* [WHAT IS EXPECTED]:
Pictures stay out; please output the remaining data exactly.

* [PROVIDED DATA]:
------------------------------------------------------------------------

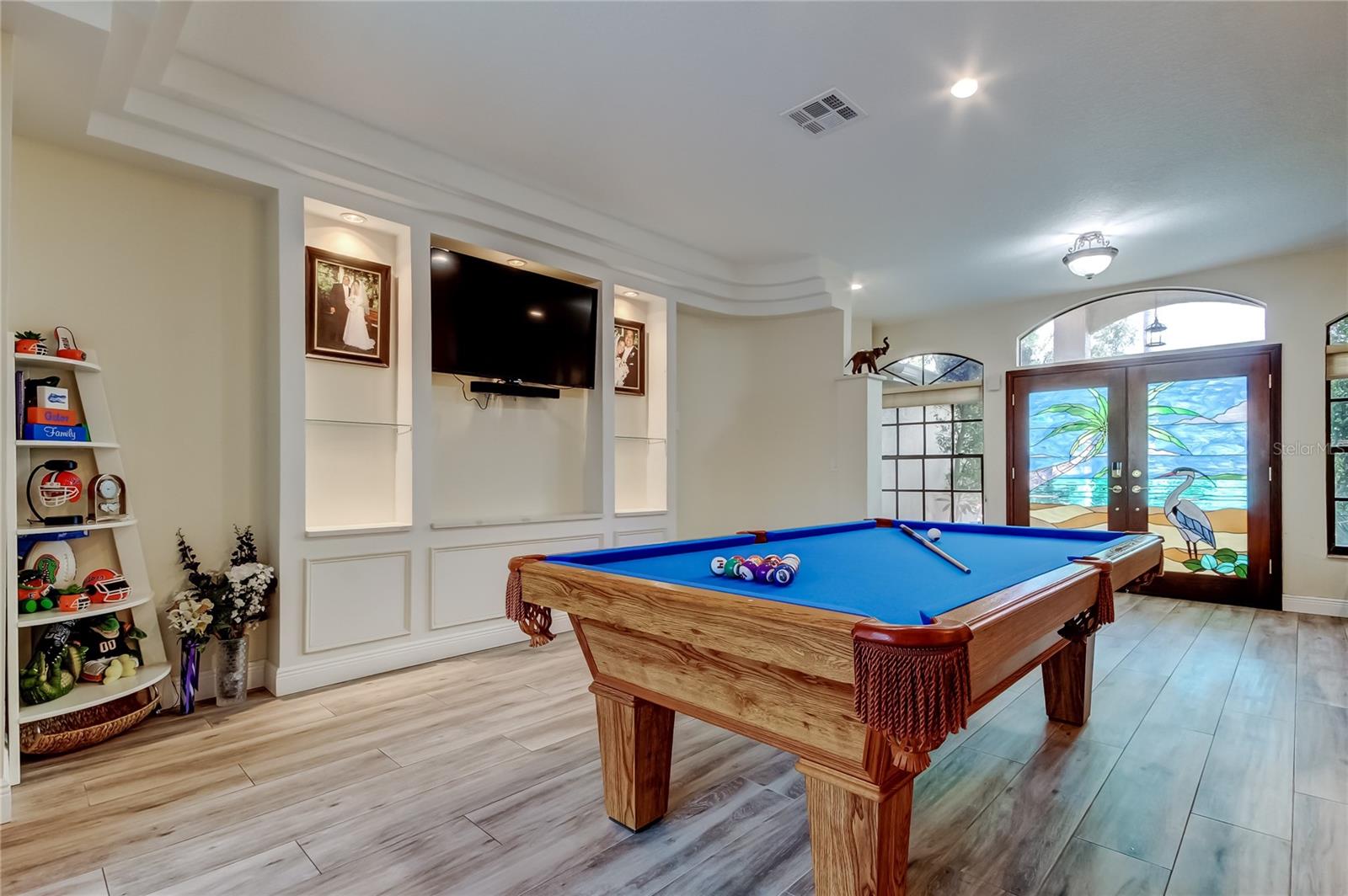 Built in features abound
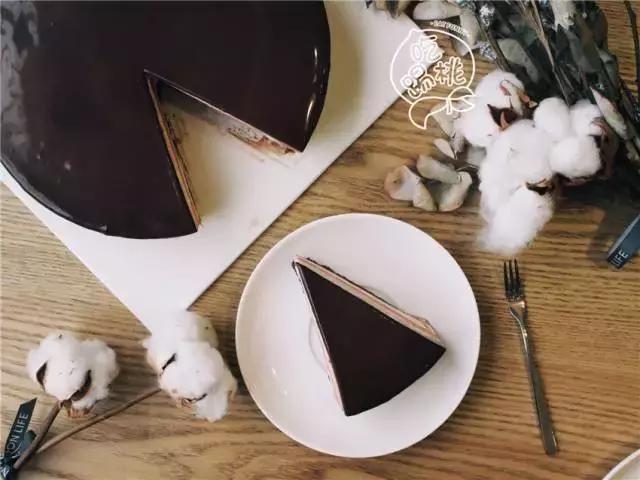 圣诞搞事啊!这杯咖啡竟好喝得我连杯子都吃掉了!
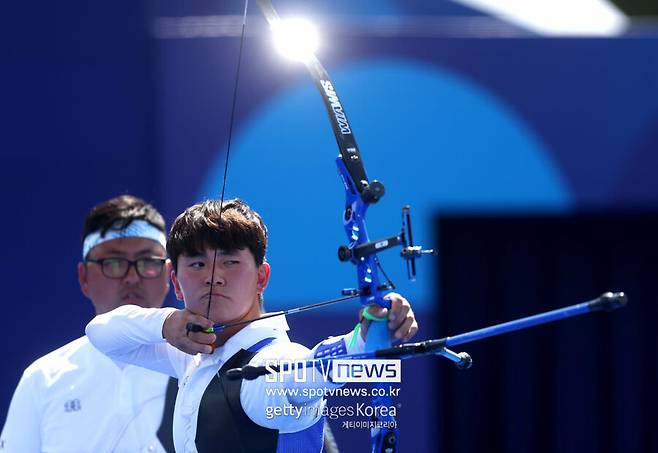 ▲ 4일(이하 한국시간) 프랑스 파리의 앵발리드에서는 파리 올림픽 양궁 남자 개인전 16강전부터 결승전까지 열린다. 남자 개인전 결승이 이번 대회 양궁 종목 마지막 경기다. 김우진(청주시청), 김제덕(예천군청), 이우석(코오롱)이 모두 16강 안착에 성공했다. 남·여 단체전과 혼성 단체전, 여자 개인전에서 금메달을 기록하며 4개를 확보한 한국 양궁이 남자 개인전까지 금메달을 얻을 경우 전관왕에 성공하게 된다. 무려 8년 만이다.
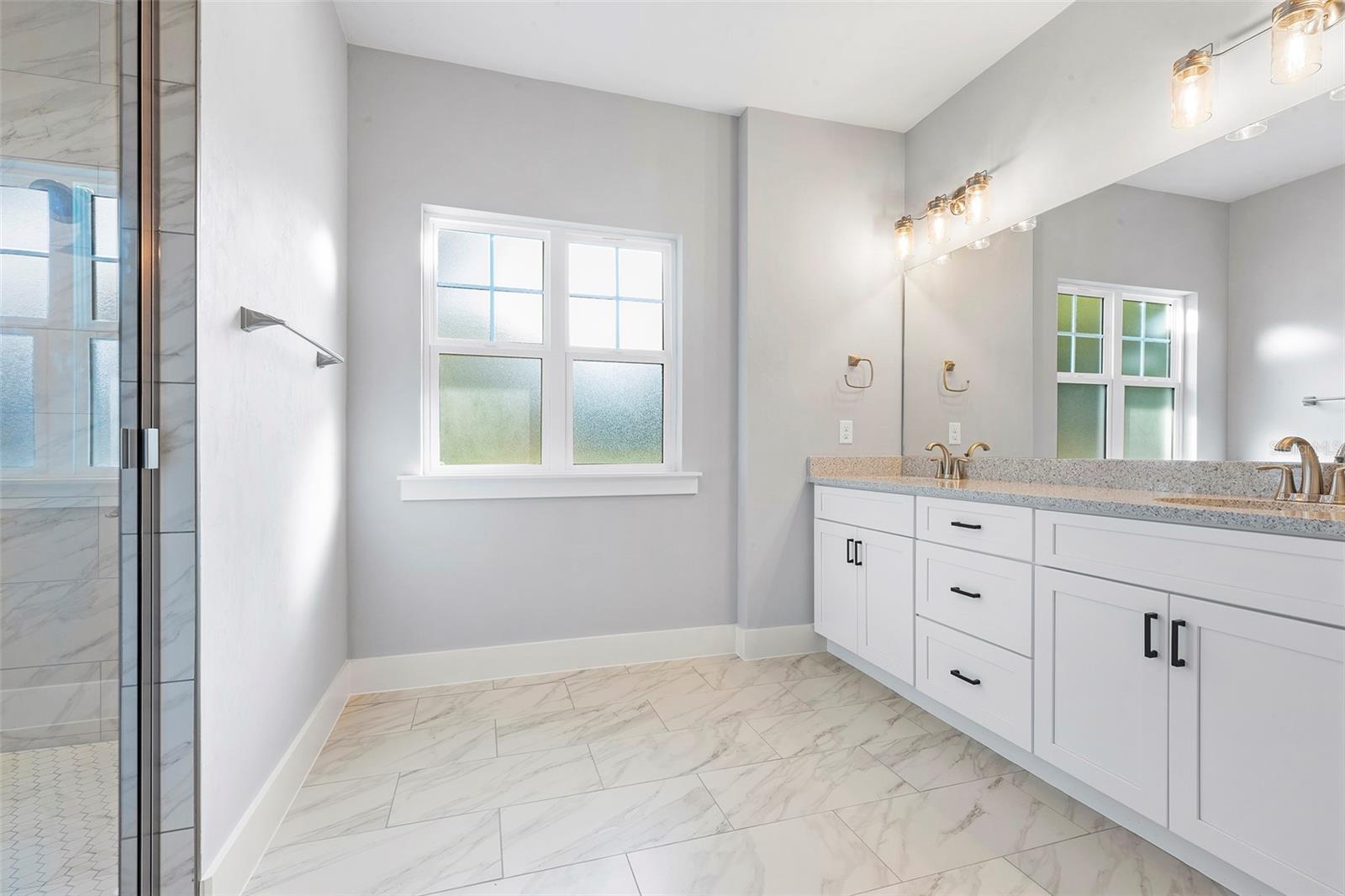 KIMBERLY OAKS - Residential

------------------------------------------------------------------------

* [RESULT]:
 Built in features abound
 圣诞搞事啊!这杯咖啡竟好喝得我连杯子都吃掉了!
 ▲ 4일(이하 한국시간) 프랑스 파리의 앵발리드에서는 파리 올림픽 양궁 남자 개인전 16강전부터 결승전까지 열린다. 남자 개인전 결승이 이번 대회 양궁 종목 마지막 경기다. 김우진(청주시청), 김제덕(예천군청), 이우석(코오롱)이 모두 16강 안착에 성공했다. 남·여 단체전과 혼성 단체전, 여자 개인전에서 금메달을 기록하며 4개를 확보한 한국 양궁이 남자 개인전까지 금메달을 얻을 경우 전관왕에 성공하게 된다. 무려 8년 만이다.
 KIMBERLY OAKS - Residential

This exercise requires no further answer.